● What is being asked
All of the data is to be set down again without any alteration.

Dataset entries:
▬▬▬▬▬▬
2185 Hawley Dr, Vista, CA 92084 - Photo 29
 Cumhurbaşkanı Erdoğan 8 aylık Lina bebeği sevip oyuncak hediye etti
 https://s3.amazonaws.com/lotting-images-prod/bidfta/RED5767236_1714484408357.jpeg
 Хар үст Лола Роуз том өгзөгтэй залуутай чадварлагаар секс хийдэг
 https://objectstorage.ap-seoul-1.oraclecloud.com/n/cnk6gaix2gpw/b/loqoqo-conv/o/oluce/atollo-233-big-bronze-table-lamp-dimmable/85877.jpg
▬▬▬▬▬▬
● Result of the exercise
2185 Hawley Dr, Vista, CA 92084 - Photo 29
 Cumhurbaşkanı Erdoğan 8 aylık Lina bebeği sevip oyuncak hediye etti
 https://s3.amazonaws.com/lotting-images-prod/bidfta/RED5767236_1714484408357.jpeg
 Хар үст Лола Роуз том өгзөгтэй залуутай чадварлагаар секс хийдэг
 https://objectstorage.ap-seoul-1.oraclecloud.com/n/cnk6gaix2gpw/b/loqoqo-conv/o/oluce/atollo-233-big-bronze-table-lamp-dimmable/85877.jpg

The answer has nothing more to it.